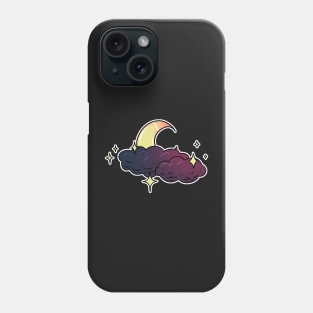 Moon in winter night Phone Case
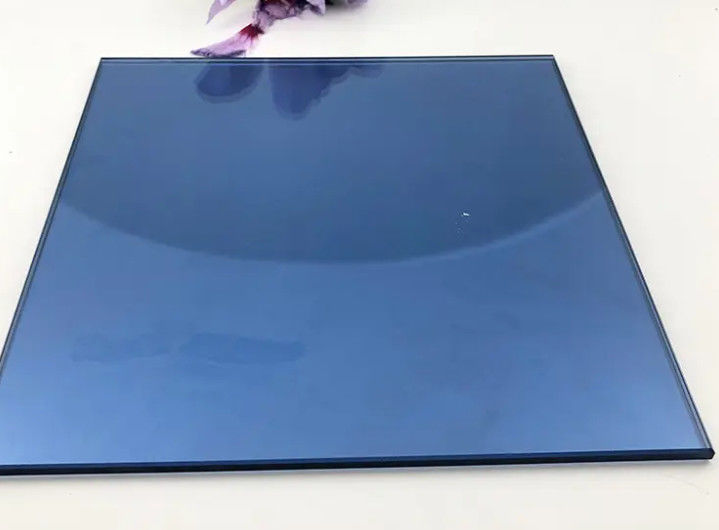Extra Clear Low Iron Color Float Reflective Glass Tempered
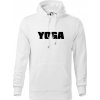 Yoga nápis - Mikina pánska Cape s kapucňou - 3XL ( Biela )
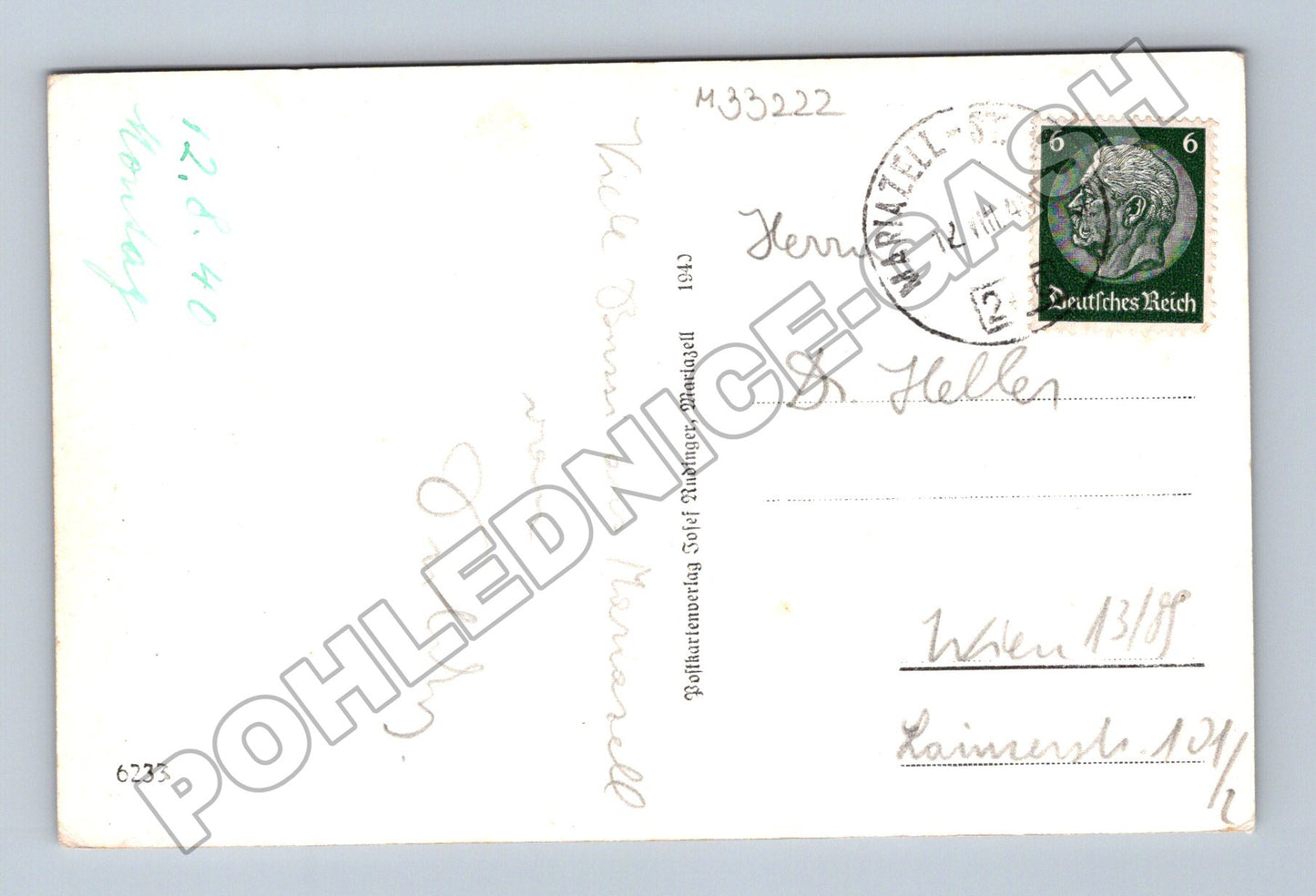 Pohlednice Rakousko Mariazell Zellerhütte 1940 (M33222)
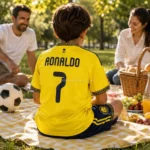 Al Nassr Home Kids Kit 26_27-over view-RONALDO 7-image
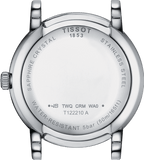 Buy Shop Tissot T Classic Carson Premium Lady Mother of Pearl Pink Dial Silver Steel Strap Watch For Women - T122.210.11.159.00 USA Online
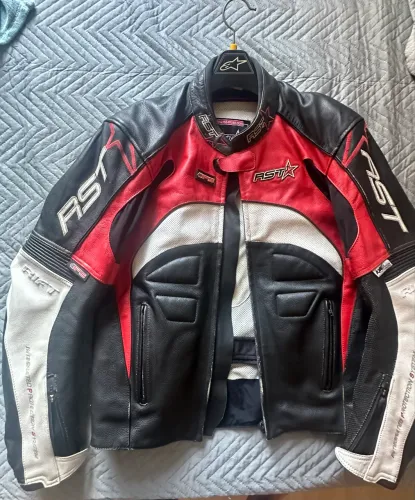 Jaqueta de Couro RST legítimo para motociclistas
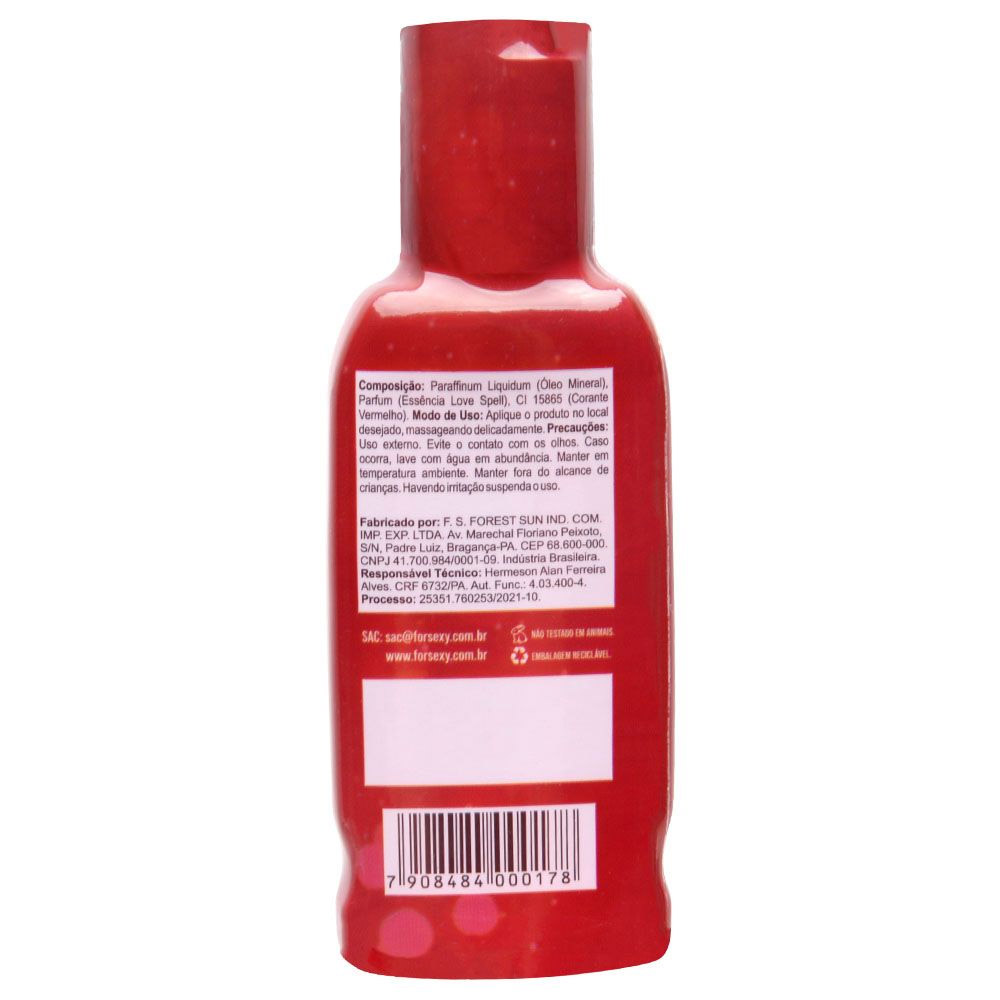 Toque De Amor Óleo Corporal Perfumado Desejo 100Ml For Sexy - Imagem 3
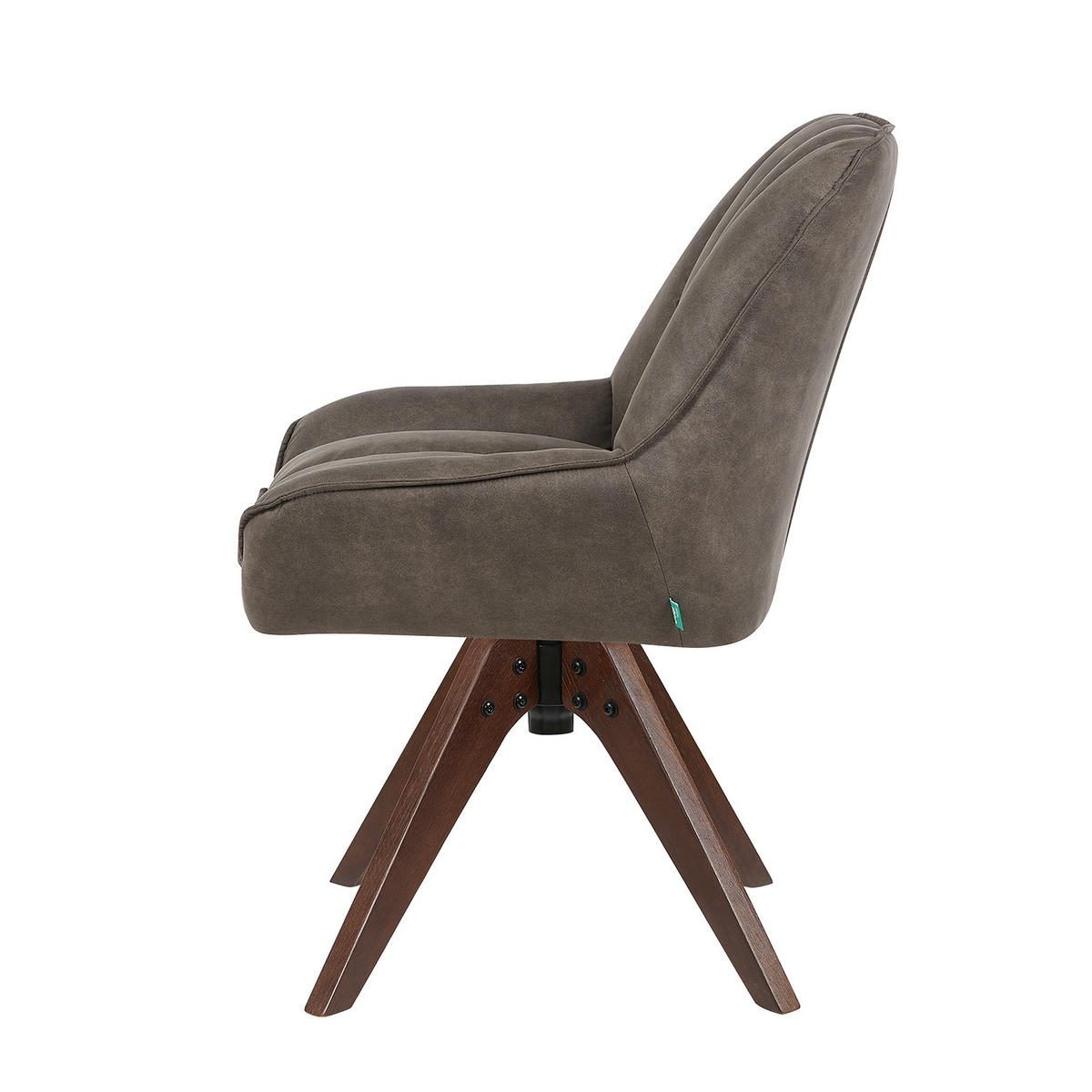 DREHSTUHL Mika-Lio 2er-Set - Taupe/Nussbaumfarben, Eichenholz/Holz (60/88/68cm) - DUBI Möbel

::::

• [Exercise prompt] Everything from the line holding "Al Nassr Home" to the close of the records should be written out exactly, both ends included, with pictures omitted.

• [Reply]
 Al Nassr Home Kids Kit 26_27-over view-RONALDO 7-image
 Buy Shop Tissot T Classic Carson Premium Lady Mother of Pearl Pink Dial Silver Steel Strap Watch For Women - T122.210.11.159.00 USA Online
 Jaqueta de Couro RST legítimo para motociclistas
 Toque De Amor Óleo Corporal Perfumado Desejo 100Ml For Sexy - Imagem 3
 DREHSTUHL Mika-Lio 2er-Set - Taupe/Nussbaumfarben, Eichenholz/Holz (60/88/68cm) - DUBI Möbel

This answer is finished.